Notable graduates: Prince Moody — Football player starts fitness program for low-income kids
UW-Madison student-athlete Prince Moody will graduate this spring with a bachelor’s in history and a plan to give back to the community.
“I know I wouldn’t have got to be where I am today if it had not been for people outside my family coming in and taking an interest in me. There are a lot of bright inner-city youth, but sometimes they just don’t have the encouragement to go out and pursue their goals.”
Along with four other student athletes, Moody is finalizing the details of Athletes Emphasizing Athletics (AEA), a fitness program for low-income high-school and middle-school students.
Moody hopes to gain access to used equipment from the university, as well as Madison-area gyms and schools, to kick off the program.
“We want to be able to go out into the community as university athletes and play the role of mentor to high-school and middle-school children by teaching them about athletics,” he says.
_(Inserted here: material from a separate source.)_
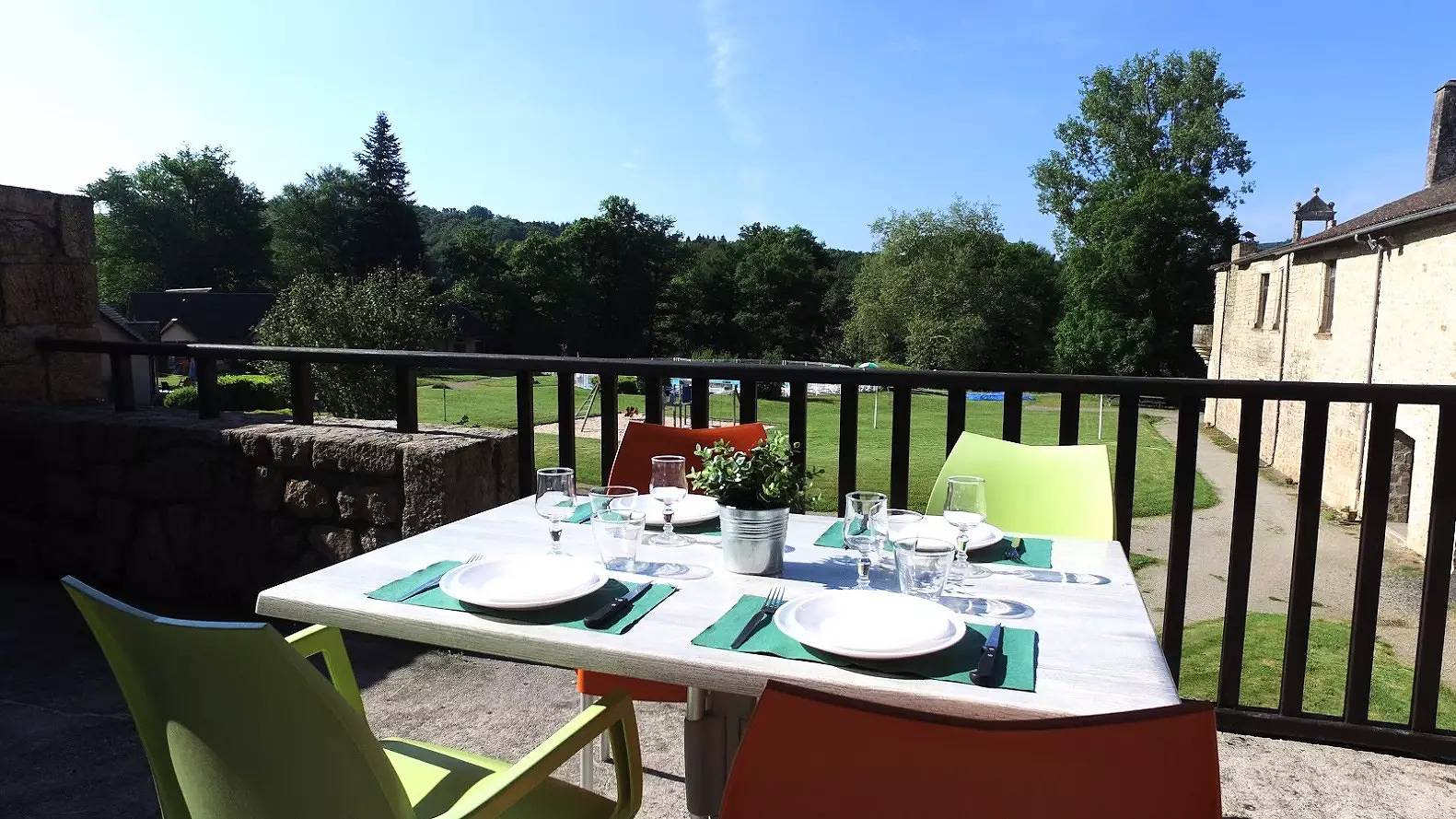 Ferienhaus 1 Schlafzimmer 4 Personen in Nedde, Limoges und Umgebung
Although the program will be centered on athletics, Moody intends to “help build their character as well,” by teaching students about the academic aspects of being an athlete.
Moody was inspired to start this program by the encouragement he received as a child.
“I know I wouldn’t have got to be where I am today if it had not been for people outside my family coming in and taking an interest in me,” he says. “There are a lot of bright inner-city youth, but sometimes they just don’t have the encouragement to go out and pursue their goals.”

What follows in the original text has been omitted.